▶ RECORDED INFORMATION:
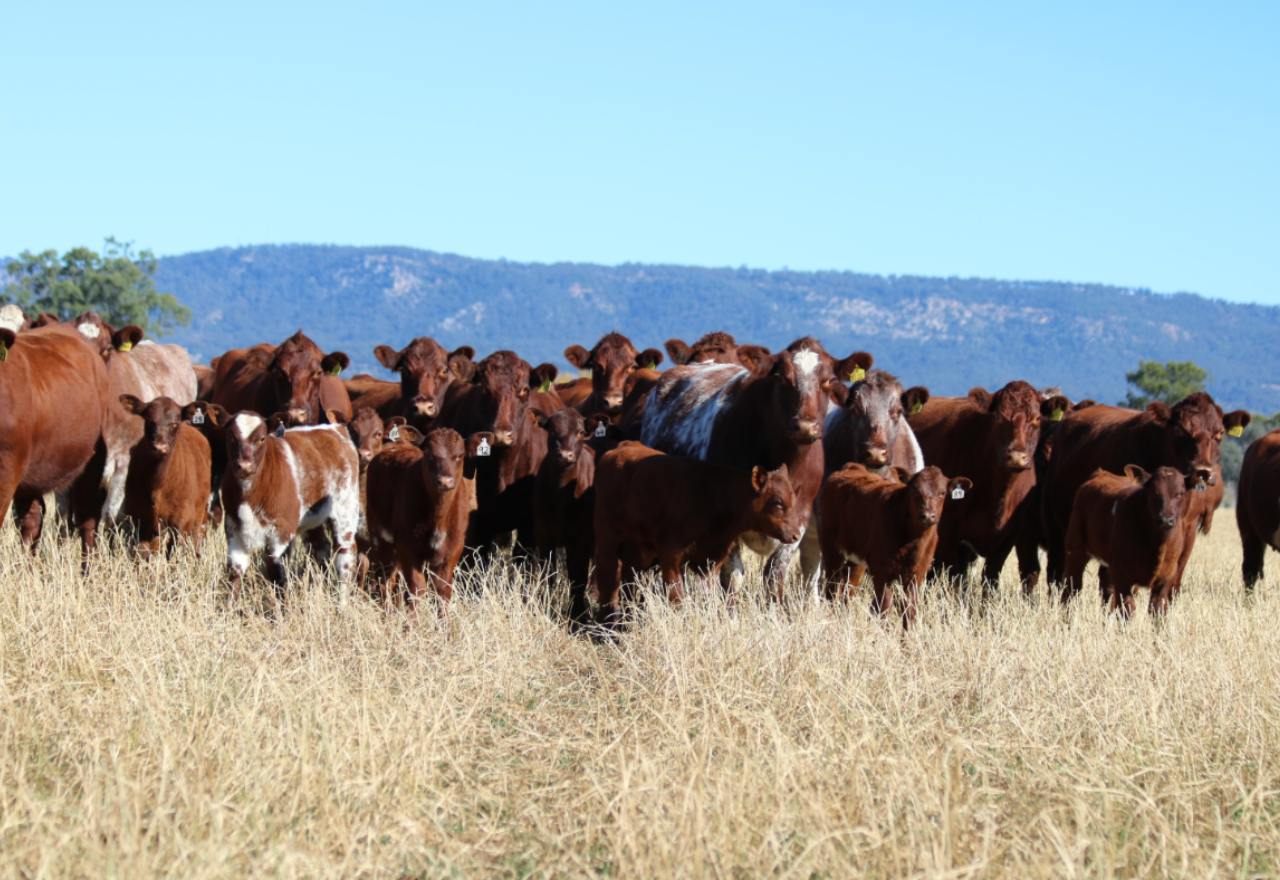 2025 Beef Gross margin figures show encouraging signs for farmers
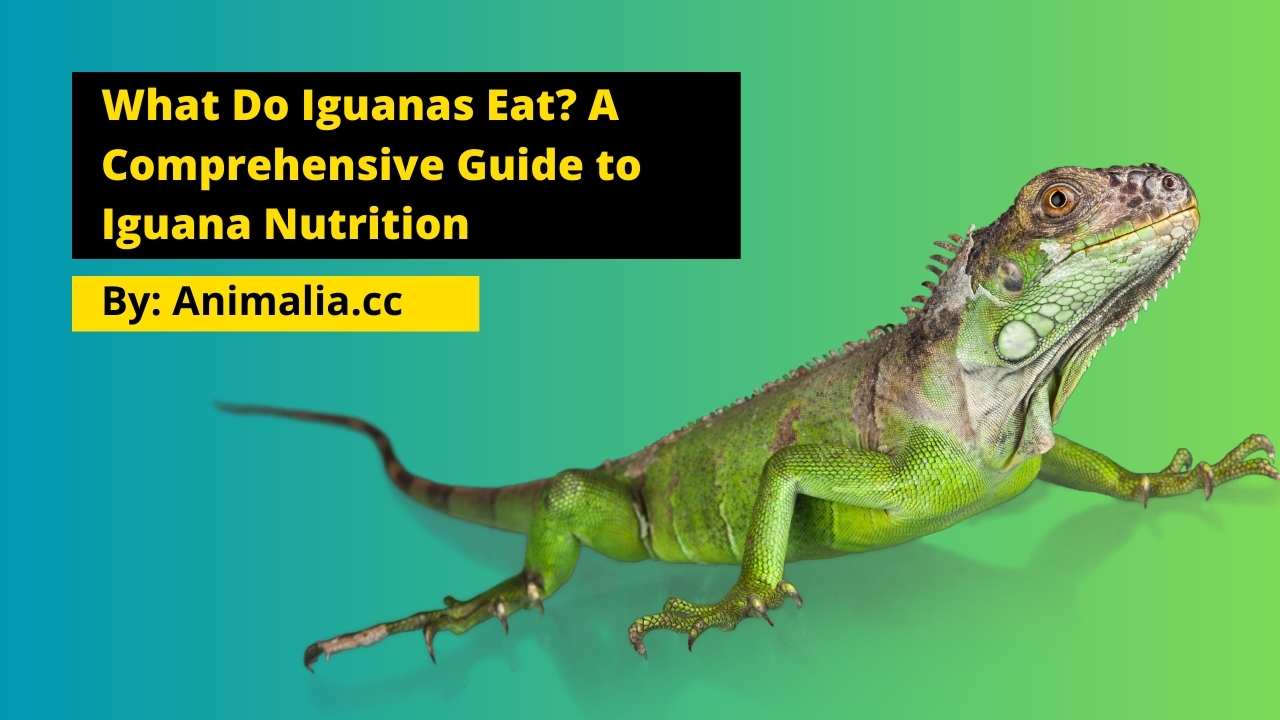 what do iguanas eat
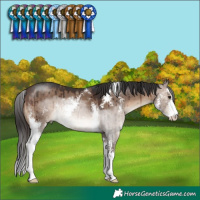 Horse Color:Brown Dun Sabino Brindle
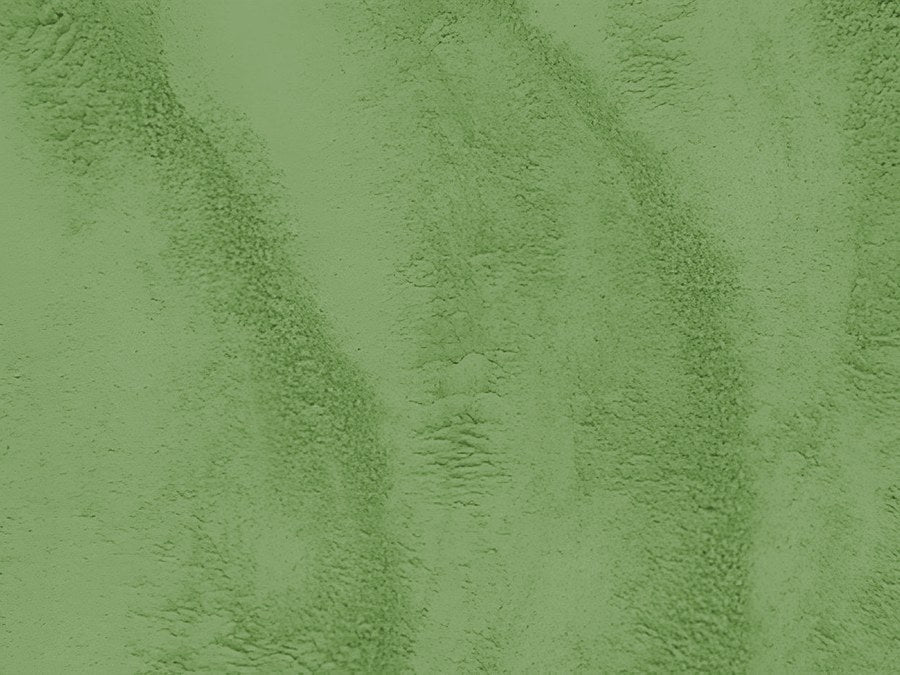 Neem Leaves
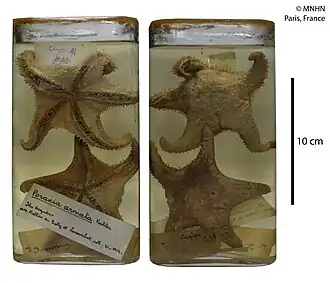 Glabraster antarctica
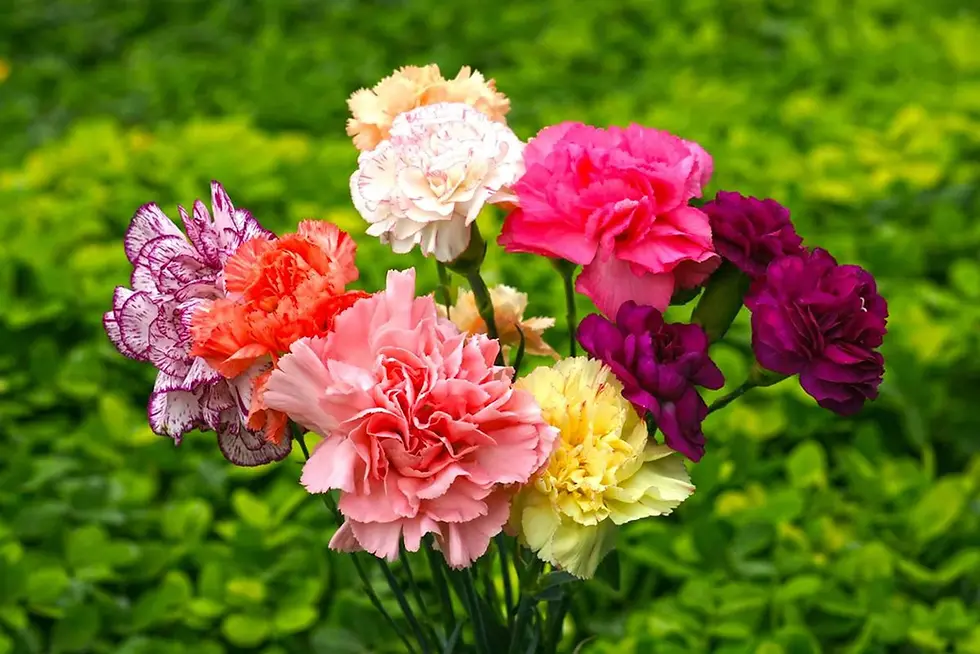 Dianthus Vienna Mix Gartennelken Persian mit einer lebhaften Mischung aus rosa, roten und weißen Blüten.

▶ THE TASK:
The expected answer is the full listing above, transcribed exactly and without pictures.

▶ ANSWER FOR THIS EXERCISE:
 2025 Beef Gross margin figures show encouraging signs for farmers
 what do iguanas eat
 Horse Color:Brown Dun Sabino Brindle
 Neem Leaves
 Glabraster antarctica
 Dianthus Vienna Mix Gartennelken Persian mit einer lebhaften Mischung aus rosa, roten und weißen Blüten.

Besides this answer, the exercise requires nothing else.